Or: Why I have no use for the Gender Binary
The big problem with having a rigid, socially accepted list of traits that are for Boys and traits that are for Girls is that if you’re neither fish nor fowl… wtf are you? My metaphor breaks down because mammals and reptiles are things, but you get the jist.
My whole life I’ve been Not Quite. I was a little girl who looked cute in dresses and bows but preferred androgynous shorts and polo shirts from Lands End. I liked ninja turtles and barbies. I wasn’t that good at playing sports, but when I did play, I played hard, and fought my way onto the boys basketball court at recess. Many thanks are due the Aged P for giving me Bullets and Kings NBA jerseys like it was no big thing, because when I think back on it, I was almost definitely the only girl at my school wearing them.
It would have been all too easy to say "those are for boys and these are for girls " instead of arranging the Christmas morning where I put on my Chris Webber jersey to pose for a picture with my new Magic Attic doll while sporting a bowl cut and sitting in my giant bean bag chair. That was a good year. And you know what, this past year when I got a Mets jersey and Gail Collins histories of the women’s movement, that was another awesome moment of acceptance – these two aspects of myself were recognized, rewarded for being very good all year, and went home with swag. Anyhoo..

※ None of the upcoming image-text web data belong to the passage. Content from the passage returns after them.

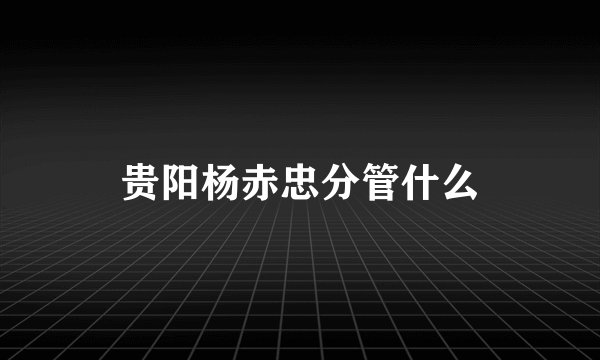 贵阳杨赤忠分管什么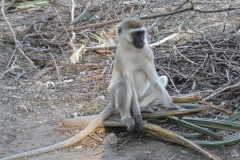 Tarangire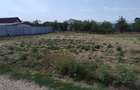Teren Construcții intravilan de 500 mp, în Livada de Bihor - 1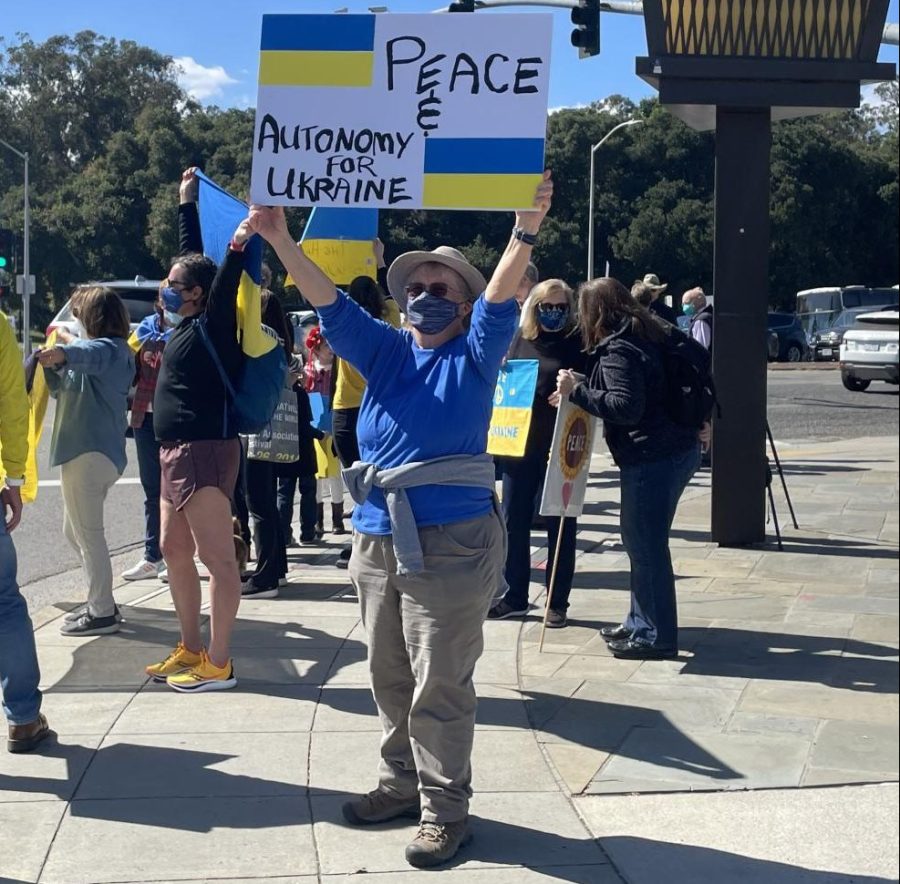 A protester holds a sign that reads: "Peace & Autonomy for Ukraine." She's wearing blue and yellow, the colors of the Ukrainian flag. She's currently attending a protest for peace in Ukraine.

I had a conversation recently with a dear friend who feels like "Women" (the socially constructed sex-based class) are looking for "Men" (…ditto) who are strong, dominant and masculine, who can take charge of things. He’s having trouble finding a serious relationship because (he thinks) he’s physically slight, kind of a dork, and while he likes being the one with all the responsibility, he’s more of a sympathetic listener than a Mighty Decider. He doesn’t think Women Want That.
Here is this talented musician, a good friend, nice Jewish boy…. who thinks the reason he can’t get a date is because he’s not domineering and arrogant. Thanks to the gender binary, he’s socialized to be looking for The Kind Of Girl Who Makes A Good Wife, who will in turn kick into gear his aspirations to Be A Good Husband.

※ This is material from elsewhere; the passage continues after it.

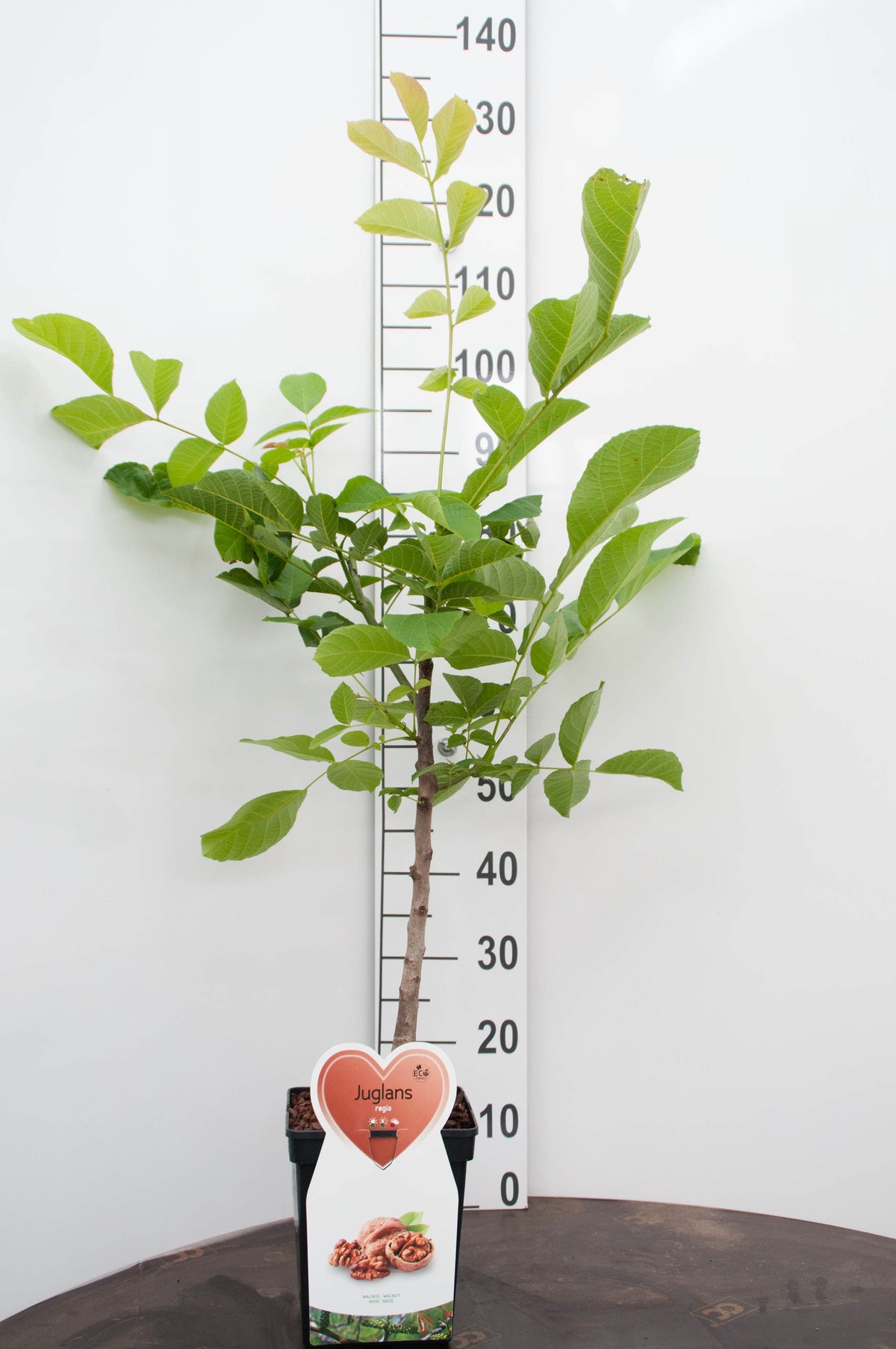Juglans regia (Valnöt) 12-14 cm stamträd C45 (45 liters kruka)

I have kind of the opposite problem. I’ve learned from experience that the purity of "opposites attract" doesn’t play on this monitor – Pair me up with a gentle soft-spoken philosopher and I’m a sarcastic bully. Send me out with an assertive Alpha Male and I wind up wanting to take him out back for fisticuffs because if he gives me one more statistic on how "women just physically can’t do X" I’m going to make a SCENE.
I need a guy on the spectrum. Because I’m a woman on the spectrum. I refuse to believe I’m a failure as a woman because I can’t handle long hair, refuse high heels, don’t cross my legs daintily. Don’t do much of ANYTHING daintily, come to that. And I’m not a hypocrite for liking hot pink, loving well-written rom-coms, wearing skirts sometimes, and thinking chocolate is amazing.
Because I shouldn’t have to reject "typical woman things," thusly passing judgment on women who do like all the "woman things" that I hate, just to carve out my own territory! As long as we exist in this binary world where it’s either Manly or Womanly or the advertising agency can’t possibly make any money from it, I have to keep bouncing back and forth between the disaffected Pong paddles that are masculinity and femininity.
Studied that "prove" or "posit" or "claim" or "suggest" that women do X and men do Y, whether it’s because of brain chemistry or socialization or bone mass or WHATEVER are totally useless to me. All they do is create stereotypes and expectations to fence both women and men into their binary corners by telling anyone who doesn’t fall into those percentages that they are aberrant and wrong-o.
I don’t need to hear that 89% of women would never dine out solo, and 76% of men, while they eat alone themselves, think a woman who eats alone is sad…because I’m a woman who likes eating alone in restaurants – WhyTF should I have to contemplate, while standing out front of Yum Thai on 46th street, the thought that "gee, maybe eating alone is sad…maybe I will wind up dying alone and unloved if I don’t find a dinner date. Maybe someone masculine, who will pay the check so I don’t have to calculate that super tricky 15% tip, and order for me so I don’t get something that will make me fat and therefore unloveable. If I were the kind of woman who attracts men, I wouldn’t be doing this."
There are already so many annoying messages floating in and around my cranium, aided and abetted by the crazybrain, that I really really don’t need any that are custom tailored to my current personal level of gender conformity.
100% of MKPs think all that is total crap.
Nobody should be told they aren’t enough of what they are.